Keinginan untuk mengaktualisasikan diri juga menjadi alasan lain seorang istri memutuskan bekerja. "Mungkin karena pendidikannya yang cukup tinggi, sehingga ia ingin mengabdikan ilmunya," kata Chaterine. Tapi tak jarang pula keinginan bekerja muncul karena istri melihat di lingkungannya, semua wanitanya bekerja. "Mungkin karena ibu dan kakak-kakaknya yang wanita bekerja semua, sehingga ia merasa aneh jika tak bekerja. Jadi ia bekerja karena memang ia merasa harus bekerja," jelasnya.
Yang jelas, apapun alasannya, dengan seorang istri bekerja pastilah akan menimbulkan konsekuensi-konsekuensi tertentu. Apalagi bila istri harus bekerja full time. Misal, waktu istri belum bekerja, rumah selalu rapi dan bersih. Tapi setelah istri bekerja, ia tak sempat lagi melakukannya. Karena sepulang kerja, badannya sudah lelah dan ia lebih memilih langsung memegang anak daripada membersihkan rumah.
Contoh lain, biasanya setiap pagi istri selalu menyiapkan sarapan untuk suaminya yang hendak berangkat kerja.

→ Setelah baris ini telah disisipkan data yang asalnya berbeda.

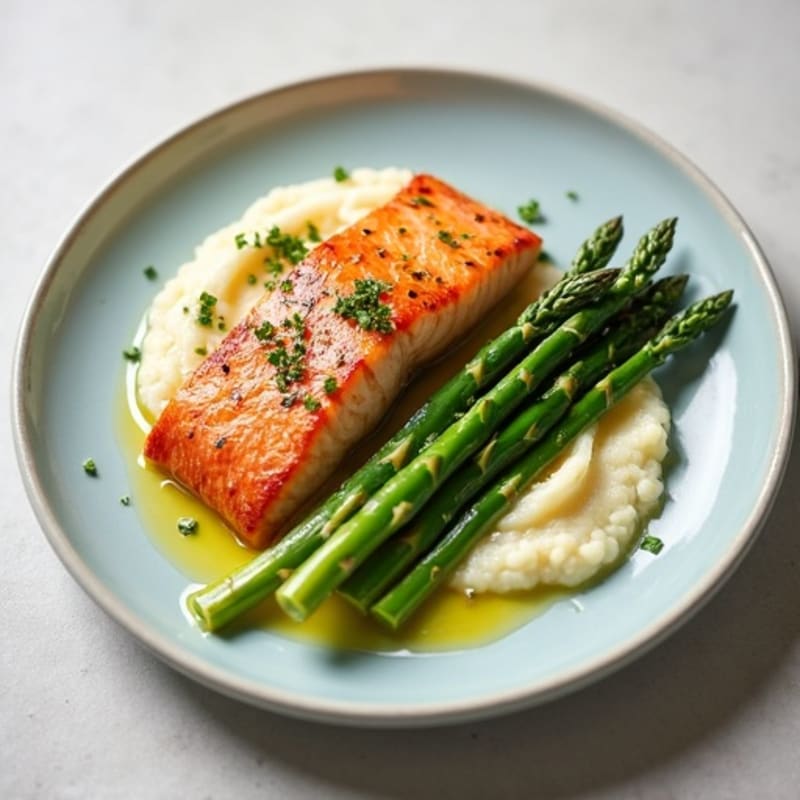 Seared Salmon with Steamed Asparagus and Cauliflower Mash
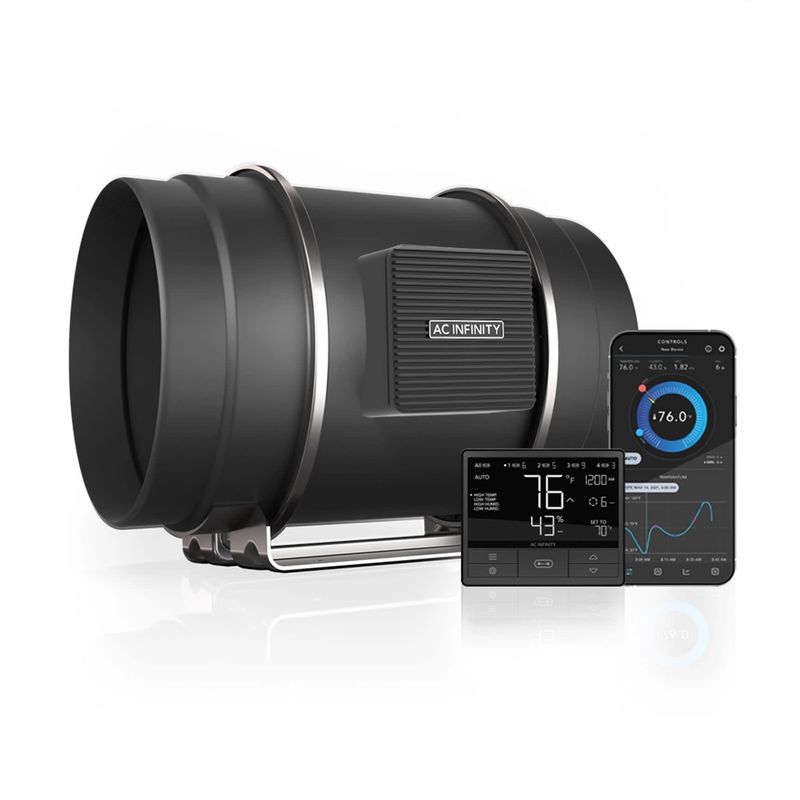 Cloudline T8 Quiet Inline Duct System Fan + Temp &amp; Humidity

Setelah istri juga bekerja, kebiasaan itu perlahan-lahan menghilang lantaran tuntutan pekerjaan yang mengharuskan istri tiba di kantor lebih awal. Atau, biasanya istri yang memasak setiap hari untuk keluarga, tapi sekarang ia hanya bisa melakukannya di saat libur atau weekend saja.
Nah, perubahan-perubahan ini, bila sebelumnya tak diantisipasi oleh istri maupun keluarganya, tentu akan menimbulkan persoalan. Sering timbul konflik batin dalam diri istri. Di satu sisi ia merasa dituntut untuk tetap punya waktu bagi keluarganya, di sisi lain ada pekerjaan yang juga menuntut perhatiannya.
BERBAGI PERAN
Menurut Chaterine, tantangan pertama yang dihadapi istri bekerja adalah bagaimana menyesuaikan dengan keluarga. "Tak jarang istri terlalu asyik bekerja sampai kekurangan waktu untuk keluarganya. Bila ini terjadi, bicarakanlah dengan suami. Suami juga perlu tahu, bagaimanapun konsentrasi istri jadi terbagi. Dengan adanya komunikasi yang baik, pasti akan ada jalan keluar," tuturnya.
Dalam hal ini, lanjut Chaterine, kuncinya adalah kesepakatan pembagian peran. "Memang, pria dan wanita diciptakan untuk berbeda, tapi tak berarti mereka lantas menjalani fungsinya masing-masing secara kaku," katanya. Misal, dalam pengasuhan anak. "Kan, tidak harus selalu ibu yang mengantarkan anaknya ke dokter atau mengambilkan rapor anak. Malah bagus jika sekali-sekali ayah yang mengambil rapor anak. Jadi ia juga bisa tahu langsung dari guru tentang perkembangan anak, tak hanya dari mulut istrinya. Anak juga perlu dekat, lo, dengan ayahnya," tuturnya.
Chaterine melihat, tak sedikit suami yang begitu toleran sehingga mereka mau menggantikan peran istrinya sebagai ibu kala sang istri harus pergi ke luar kota untuk urusan dinas. "Mereka mau, kok, membantu anak mengerjakan PR, misalnya. Dengan begitu, selain membantu istri, anak juga akan merasa ayahnya punya perhatian. Ini jelas bisa membantu kedekatan antara ayah dan anak," terangnya.
Begitupun soal perhatian istri terhadap suami, yang tentunya akan berkurang secara kuantitas setelah bekerja. Karena tak mungkin istri harus selalu melayani suami sebagaimana dulu sebelum ia bekerja. "Nah, suami juga perlu mengurangi tuntutannya. Istri dapat menanyakan, perhatian seperti apa yang diinginkan oleh suaminya. Kalau semua persoalan dikomunikasikan, pasti akan ada jalan keluarnya," tutur Chaterine.
Yang penting, lanjutnya, suami dan istri mau bersikap saling menghargai. "Suami mengerti kesibukan istri dan mengambil alih tugas istri, sehingga tak semuanya istri yang mengerjakan. Sebaliknya, istri pun harus menghargai bantuan suami. Kalau bisa prinsipnya win-win, sehingga tak ada pihak yang merasa dikalahkan," terangnya.